● Activity: The full set of records must be returned exactly, character for character.

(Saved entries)
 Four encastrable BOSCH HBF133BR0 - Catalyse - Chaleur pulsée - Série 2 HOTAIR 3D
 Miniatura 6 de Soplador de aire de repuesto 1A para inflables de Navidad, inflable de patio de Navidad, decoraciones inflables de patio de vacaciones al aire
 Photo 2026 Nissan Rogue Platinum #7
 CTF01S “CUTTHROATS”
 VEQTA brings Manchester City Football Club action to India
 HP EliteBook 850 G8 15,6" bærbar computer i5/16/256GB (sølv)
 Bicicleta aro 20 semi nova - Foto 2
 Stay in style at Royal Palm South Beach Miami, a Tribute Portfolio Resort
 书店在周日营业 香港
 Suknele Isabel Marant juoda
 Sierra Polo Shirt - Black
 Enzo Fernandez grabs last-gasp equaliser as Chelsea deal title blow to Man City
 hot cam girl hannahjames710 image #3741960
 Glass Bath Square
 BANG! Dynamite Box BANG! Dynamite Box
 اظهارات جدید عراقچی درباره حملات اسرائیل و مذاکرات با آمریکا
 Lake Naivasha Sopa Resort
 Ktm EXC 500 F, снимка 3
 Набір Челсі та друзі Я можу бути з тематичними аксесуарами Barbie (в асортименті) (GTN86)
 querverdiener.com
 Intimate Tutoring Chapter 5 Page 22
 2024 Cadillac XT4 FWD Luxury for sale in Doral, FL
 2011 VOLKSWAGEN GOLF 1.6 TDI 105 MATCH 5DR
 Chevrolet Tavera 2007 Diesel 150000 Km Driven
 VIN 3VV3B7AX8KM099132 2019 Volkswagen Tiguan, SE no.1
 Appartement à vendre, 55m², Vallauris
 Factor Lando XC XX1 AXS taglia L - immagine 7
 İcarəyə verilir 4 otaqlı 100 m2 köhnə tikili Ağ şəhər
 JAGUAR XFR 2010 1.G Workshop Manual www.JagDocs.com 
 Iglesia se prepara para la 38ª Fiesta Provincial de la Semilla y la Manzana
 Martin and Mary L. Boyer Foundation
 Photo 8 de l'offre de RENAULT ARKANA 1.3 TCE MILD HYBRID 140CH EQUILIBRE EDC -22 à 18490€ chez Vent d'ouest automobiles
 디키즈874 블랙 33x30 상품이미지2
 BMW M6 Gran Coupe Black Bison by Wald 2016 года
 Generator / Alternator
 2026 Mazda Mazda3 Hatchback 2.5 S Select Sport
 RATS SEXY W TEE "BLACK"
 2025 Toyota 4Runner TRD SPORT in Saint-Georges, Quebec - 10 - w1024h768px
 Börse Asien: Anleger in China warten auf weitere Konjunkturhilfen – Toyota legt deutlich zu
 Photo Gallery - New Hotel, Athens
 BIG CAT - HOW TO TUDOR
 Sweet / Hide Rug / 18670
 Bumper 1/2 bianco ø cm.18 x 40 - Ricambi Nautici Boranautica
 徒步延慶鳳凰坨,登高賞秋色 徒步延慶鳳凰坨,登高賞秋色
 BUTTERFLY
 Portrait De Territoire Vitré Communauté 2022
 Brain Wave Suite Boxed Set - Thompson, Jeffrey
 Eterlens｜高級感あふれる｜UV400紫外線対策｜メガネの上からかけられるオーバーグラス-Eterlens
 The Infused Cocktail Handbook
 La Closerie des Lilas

● Solution to the problem:
 Four encastrable BOSCH HBF133BR0 - Catalyse - Chaleur pulsée - Série 2 HOTAIR 3D
 Miniatura 6 de Soplador de aire de repuesto 1A para inflables de Navidad, inflable de patio de Navidad, decoraciones inflables de patio de vacaciones al aire
 Photo 2026 Nissan Rogue Platinum #7
 CTF01S “CUTTHROATS”
 VEQTA brings Manchester City Football Club action to India
 HP EliteBook 850 G8 15,6" bærbar computer i5/16/256GB (sølv)
 Bicicleta aro 20 semi nova - Foto 2
 Stay in style at Royal Palm South Beach Miami, a Tribute Portfolio Resort
 书店在周日营业 香港
 Suknele Isabel Marant juoda
 Sierra Polo Shirt - Black
 Enzo Fernandez grabs last-gasp equaliser as Chelsea deal title blow to Man City
 hot cam girl hannahjames710 image #3741960
 Glass Bath Square
 BANG! Dynamite Box BANG! Dynamite Box
 اظهارات جدید عراقچی درباره حملات اسرائیل و مذاکرات با آمریکا
 Lake Naivasha Sopa Resort
 Ktm EXC 500 F, снимка 3
 Набір Челсі та друзі Я можу бути з тематичними аксесуарами Barbie (в асортименті) (GTN86)
 querverdiener.com
 Intimate Tutoring Chapter 5 Page 22
 2024 Cadillac XT4 FWD Luxury for sale in Doral, FL
 2011 VOLKSWAGEN GOLF 1.6 TDI 105 MATCH 5DR
 Chevrolet Tavera 2007 Diesel 150000 Km Driven
 VIN 3VV3B7AX8KM099132 2019 Volkswagen Tiguan, SE no.1
 Appartement à vendre, 55m², Vallauris
 Factor Lando XC XX1 AXS taglia L - immagine 7
 İcarəyə verilir 4 otaqlı 100 m2 köhnə tikili Ağ şəhər
 JAGUAR XFR 2010 1.G Workshop Manual www.JagDocs.com 
 Iglesia se prepara para la 38ª Fiesta Provincial de la Semilla y la Manzana
 Martin and Mary L. Boyer Foundation
 Photo 8 de l'offre de RENAULT ARKANA 1.3 TCE MILD HYBRID 140CH EQUILIBRE EDC -22 à 18490€ chez Vent d'ouest automobiles
 디키즈874 블랙 33x30 상품이미지2
 BMW M6 Gran Coupe Black Bison by Wald 2016 года
 Generator / Alternator
 2026 Mazda Mazda3 Hatchback 2.5 S Select Sport
 RATS SEXY W TEE "BLACK"
 2025 Toyota 4Runner TRD SPORT in Saint-Georges, Quebec - 10 - w1024h768px
 Börse Asien: Anleger in China warten auf weitere Konjunkturhilfen – Toyota legt deutlich zu
 Photo Gallery - New Hotel, Athens
 BIG CAT - HOW TO TUDOR
 Sweet / Hide Rug / 18670
 Bumper 1/2 bianco ø cm.18 x 40 - Ricambi Nautici Boranautica
 徒步延慶鳳凰坨,登高賞秋色 徒步延慶鳳凰坨,登高賞秋色
 BUTTERFLY
 Portrait De Territoire Vitré Communauté 2022
 Brain Wave Suite Boxed Set - Thompson, Jeffrey
 Eterlens｜高級感あふれる｜UV400紫外線対策｜メガネの上からかけられるオーバーグラス-Eterlens
 The Infused Cocktail Handbook
 La Closerie des Lilas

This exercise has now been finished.